Homeowners who purchased their homes more than two years ago and didn’t cash-out-refi have lots of equity in their homes as home prices have surged in the years through mid-2022. And that’s the vast majority of homeowners. But more recent homebuyers can get into serious trouble fairly quickly.
If a homeowner with a lot of equity cannot make the mortgage payments because they lost their job or had a medical emergency, they can sell the home, pay off the mortgage with the proceeds, and have some cash left.
If unemployment surges and over a year’s time a million homeowners cannot make their payment anymore, they can sell their home, pay off their mortgage, and go on.
The problem arises when home prices plunge to multi-year lows, and suddenly a larger portion of homeowners are underwater. Being underwater for a homeowner is no biggie as long as they don’t have to sell. They just hang tight, quit looking at Zillow every day, and life goes on.

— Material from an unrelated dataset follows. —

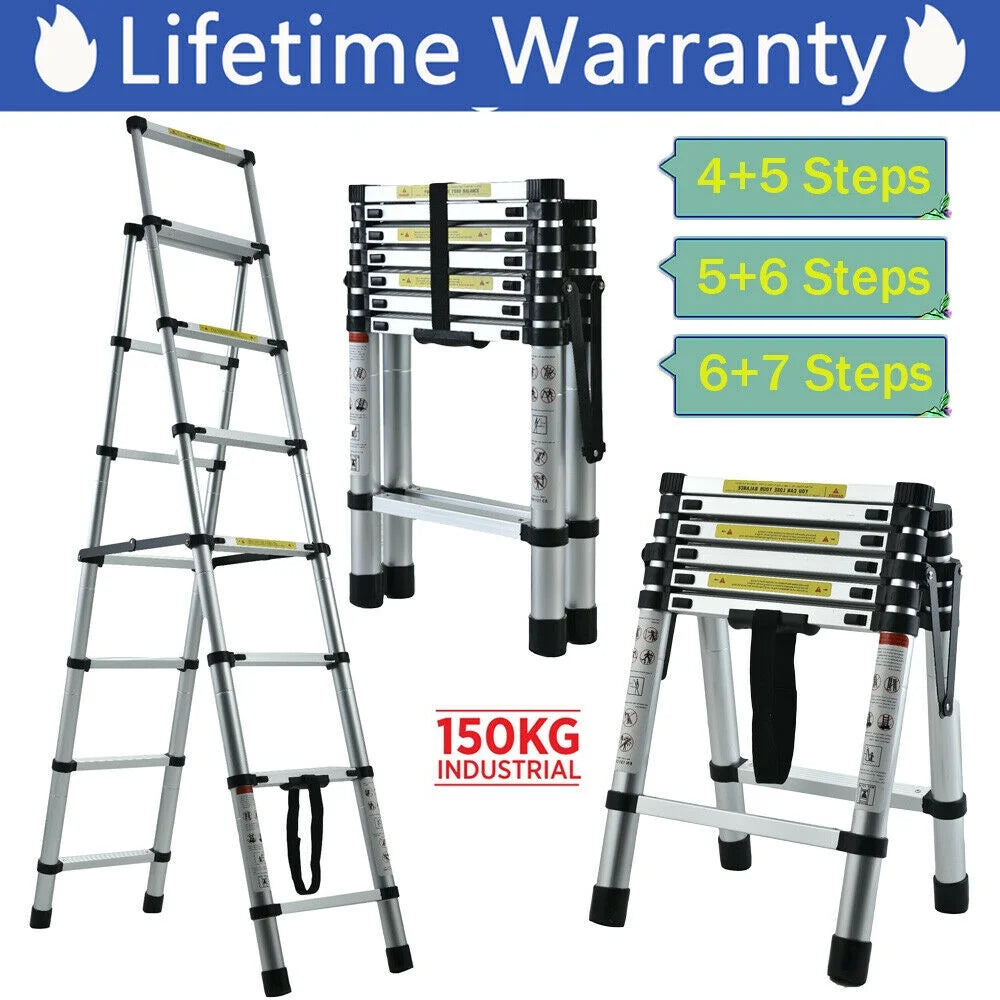 6+7 Steps Aluminium 2 Ways Combination Ladder with Handrail I79739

But if they have to sell, it gets complicated. If lots of people lose their jobs and can no longer make the mortgage payments, and have to sell, then it gets a little messy because it drives down prices even further. The result will be that homes will become more plentiful on the market, and more affordable to buy, which would be welcome by lots of people and would solve a crisis.
Banks are largely off the hook this time.
The mess would mostly hit taxpayers, who now are on the hook for a large majority of the mortgages – not banks. The exception are HELOCs; the government has not yet taken them under its wings. But HELOC balances are still small.
Banks have relatively few mortgages on their books; they sell most of them off to government entities which turn them into government-backed MBS and sell them to investors. Banks not being on the hook for the biggest part of the mortgages is one of the fundamental changes since the mortgage crisis. So this time, the Fed can let the housing market do its thing without having to worry about the financial system collapsing under the weight of imploding mortgages. The financial system might get tripped up by other problems, but not residential mortgages.